How to complete this task:
In the entries that follow, the lines from the line containing "Printed Mouse Pad" up to and including the line containing "Take lunch to" must be copied exactly, with pictures omitted.

Task data:
──────────────────────────────

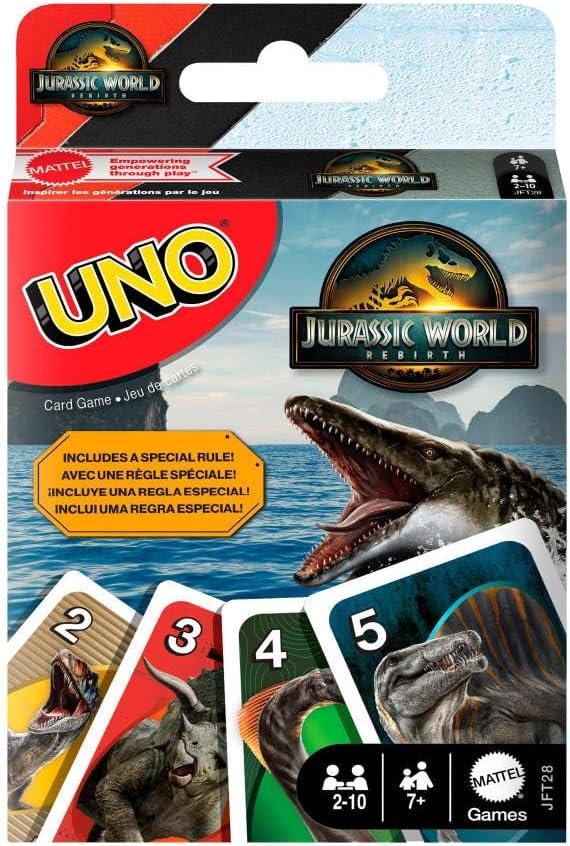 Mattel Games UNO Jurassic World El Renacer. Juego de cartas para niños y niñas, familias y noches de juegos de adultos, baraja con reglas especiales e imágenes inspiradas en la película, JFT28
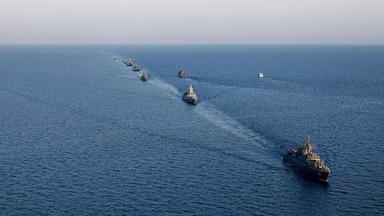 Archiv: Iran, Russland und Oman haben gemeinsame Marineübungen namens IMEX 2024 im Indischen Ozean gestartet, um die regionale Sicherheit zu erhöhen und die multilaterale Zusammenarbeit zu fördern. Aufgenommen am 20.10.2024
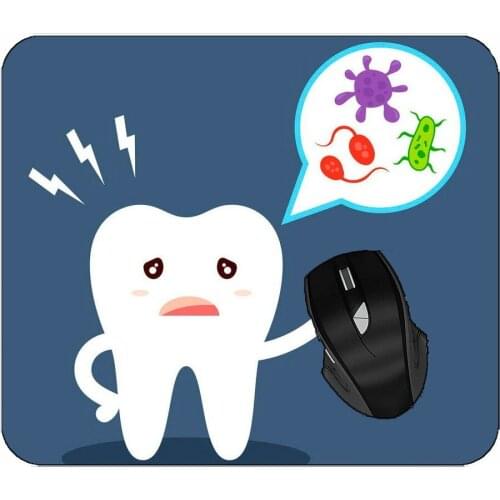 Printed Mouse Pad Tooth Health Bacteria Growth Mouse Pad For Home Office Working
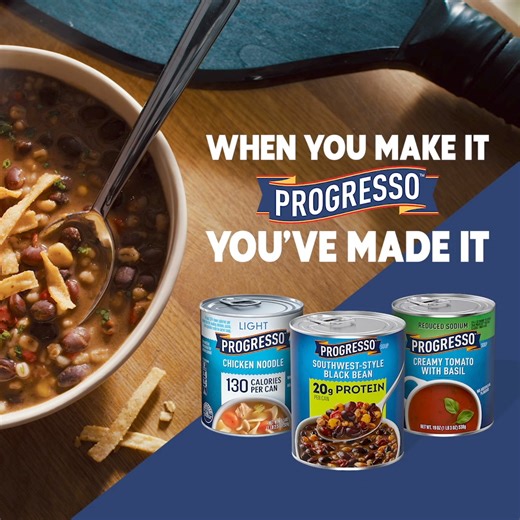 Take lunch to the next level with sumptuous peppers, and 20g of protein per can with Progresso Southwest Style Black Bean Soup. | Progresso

──────────────────────────────

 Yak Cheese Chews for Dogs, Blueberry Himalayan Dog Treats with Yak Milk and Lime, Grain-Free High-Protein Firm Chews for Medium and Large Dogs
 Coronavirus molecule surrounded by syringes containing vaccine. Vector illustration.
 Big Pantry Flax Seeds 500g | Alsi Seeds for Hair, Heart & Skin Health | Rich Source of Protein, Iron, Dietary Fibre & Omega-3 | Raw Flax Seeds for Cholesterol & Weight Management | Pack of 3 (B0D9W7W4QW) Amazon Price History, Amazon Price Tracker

──────────────────────────────

Response to the exercise:
 Printed Mouse Pad Tooth Health Bacteria Growth Mouse Pad For Home Office Working
 Take lunch to the next level with sumptuous peppers, and 20g of protein per can with Progresso Southwest Style Black Bean Soup. | Progresso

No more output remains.